World waits on US as Security Council Gaza resolution stalled
International Desk
The UN Security Council on Thursday will try once again to pass a resolution calling for a halt in fighting between Israel and Hamas after previous efforts to win Washington's backing fell short.
Diplomatic wrangling at United Nations headquarters in Manhattan headquarters -- which caused the vote to be postponed again Wednesday -- has come against a backdrop of deteriorating conditions in Gaza and a mounting death toll.
The United Arab Emirates is sponsoring a draft resolution on the conflict which has already been watered down to secure compromise, according to a draft version seen by AFP.
It calls for "the urgent suspension of hostilities to allow safe and unhindered humanitarian access, and for urgent steps towards a sustainable cessation of hostilities."
Countries "are engaging at the highest level of diplomacy to reach a text that will have impact on the ground. Diplomacy takes time," said the UAE's ambassador Lana Zaki Nusseibeh.
"If this fails, then we will continue to keep trying... There is too much suffering on the ground for the council to continue to fail on this."
Members of the 15-member council have been grappling for days to find common ground on the resolution, a vote on which was pushed back several times since Monday.
- 'Final decision' -
Israel, backed by its ally the United States, a veto-wielding permanent Security Council member, has opposed the term "ceasefire," and Washington has used its veto twice to thwart resolutions opposed by Israel since the start of the war.
The latest delay was at the request of the United States, a diplomatic source said.
Israeli Prime Minister Benjamin Netanyahu said Wednesday there would be no ceasefire in Gaza until the "elimination" of Hamas.
"Everyone in New York is still waiting on the White House. There is a strong sense that (US President Joe) Biden will make the final decision on this," said International Crisis Group analyst Richard Gowan.
Washington's UN ambassador Linda Thomas-Greenfield "has pitched hard within the US system for a deal," Gowan said.
"But if the Israelis continue to oppose the resolution, Biden could still decide to block it."
Secretary of State Antony Blinken would not be drawn on Washington's next move at the Security Council, telling reporters Wednesday that the US was engaging "constructively... to try to resolve some of the issues."
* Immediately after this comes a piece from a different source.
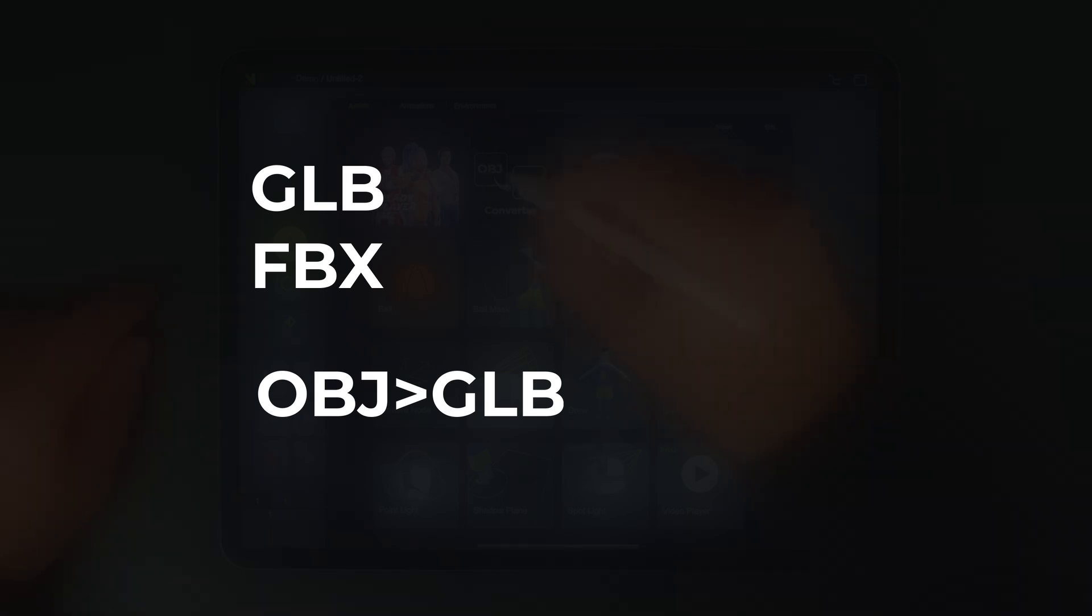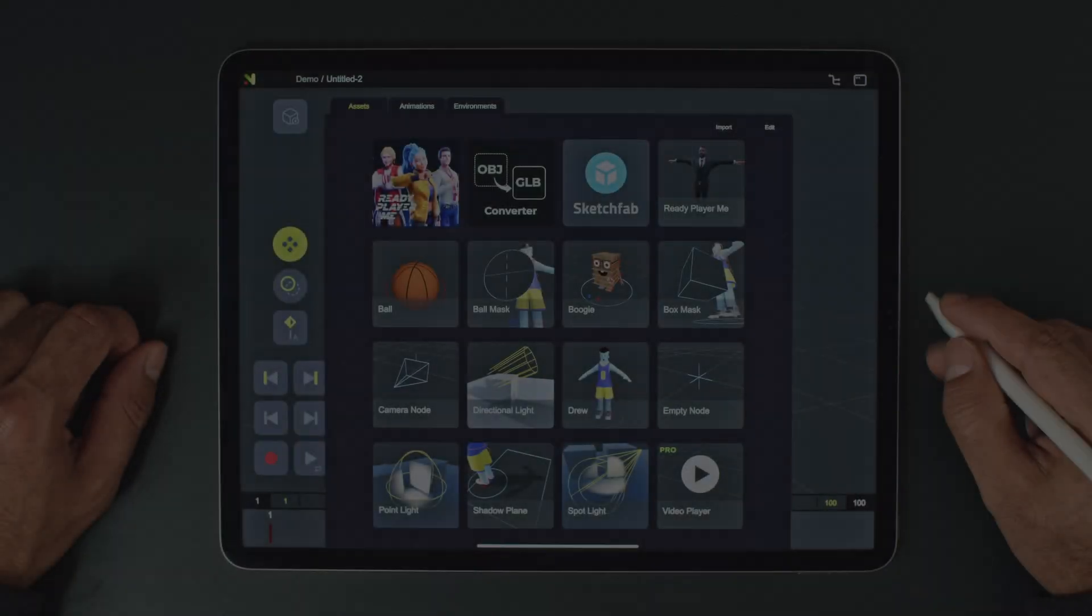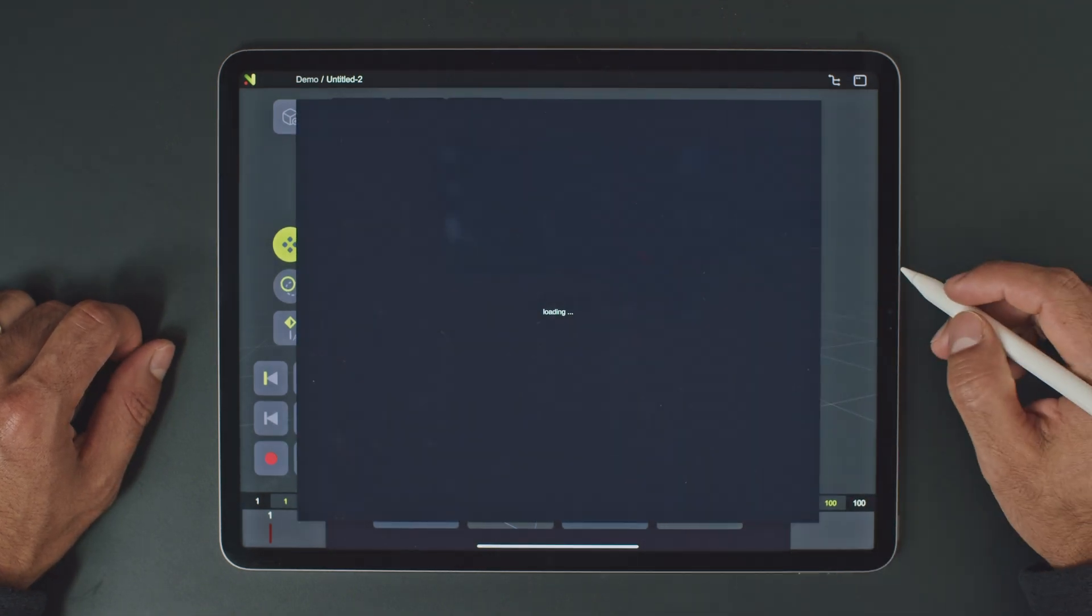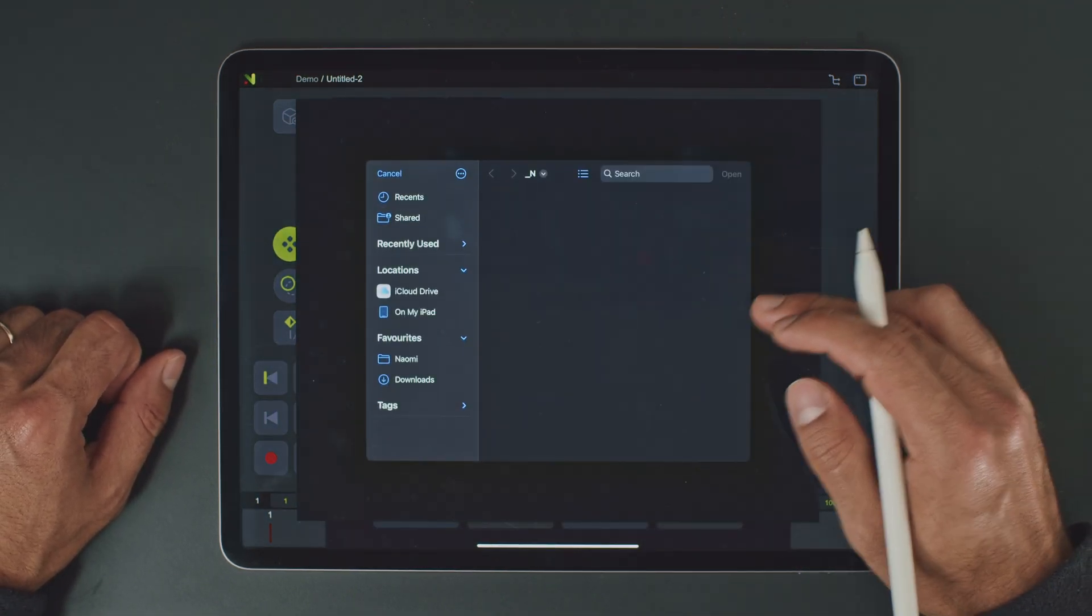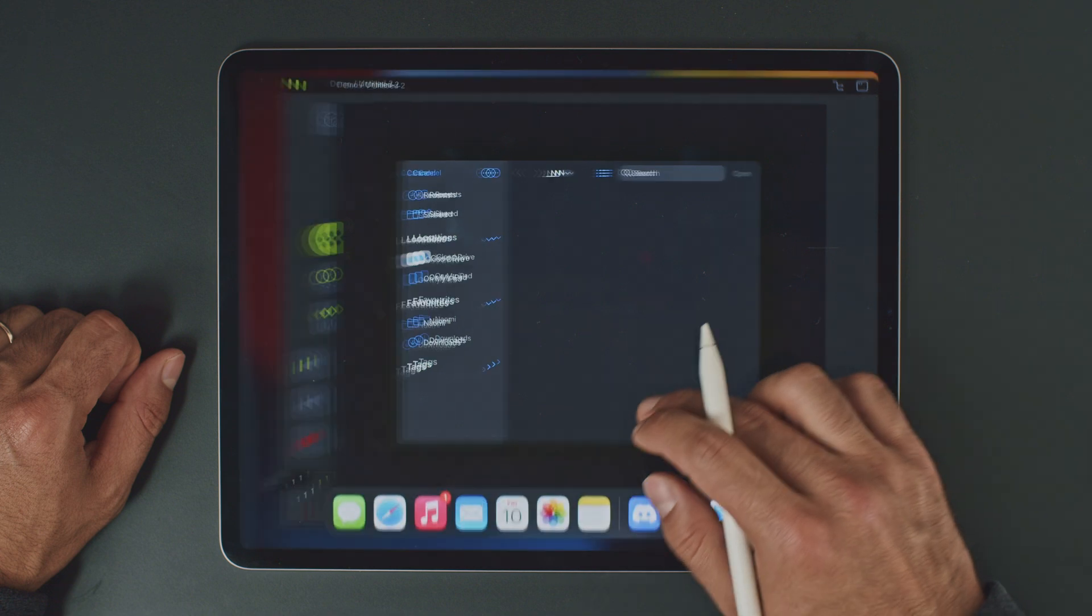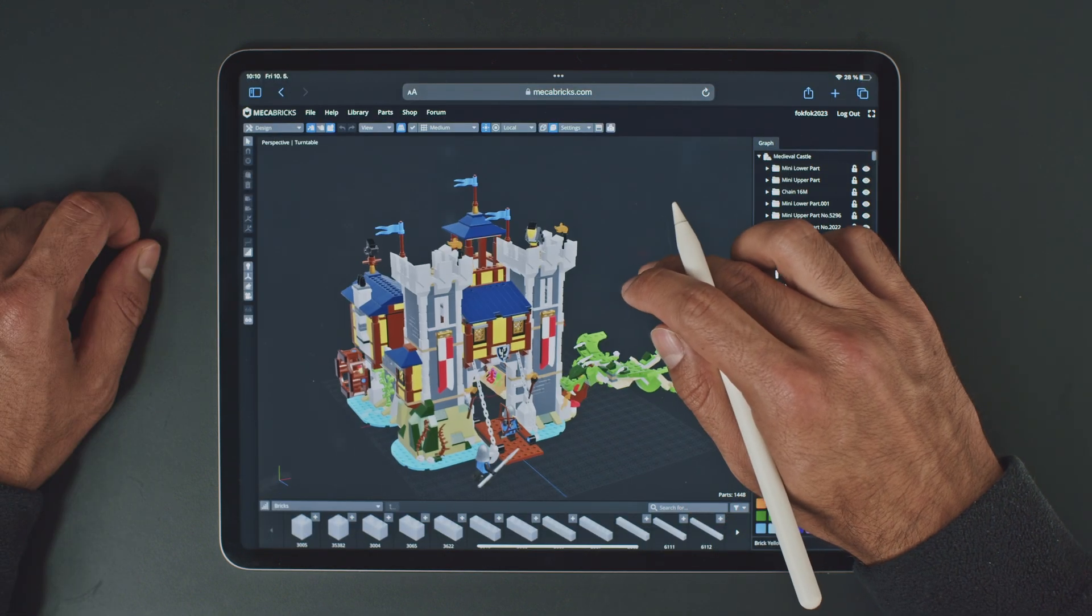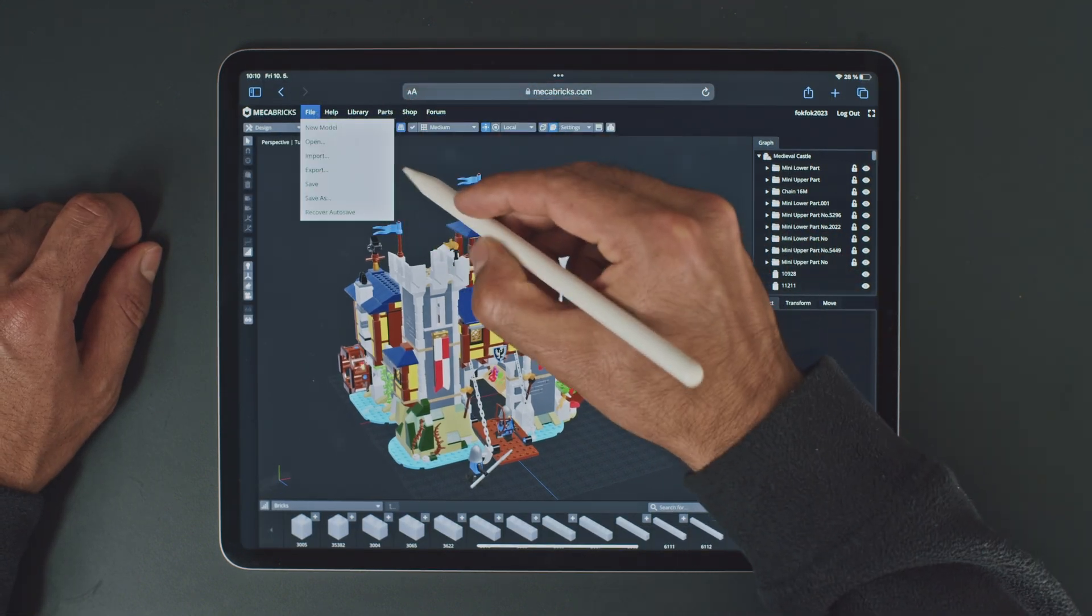So let's start by going to Assets and opening the converter. Now we need to locate the zip file. OBJs typically contain multiple files, hence the need for a zip archive.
He said Washington wanted "to make sure that the resolution, in what it calls for and requires, actually advances (humanitarian) effort and doesn't do anything that could actually hurt the delivery of humanitarian assistance."
The spokesman for UN Secretary-General Antonio Guterres said it is "not for us to interfere with those discussions, which I understand are fairly intense."
"The secretary-general's own position is unchanged -- he's been calling for a humanitarian ceasefire," said the spokesman, Stephane Dujarric.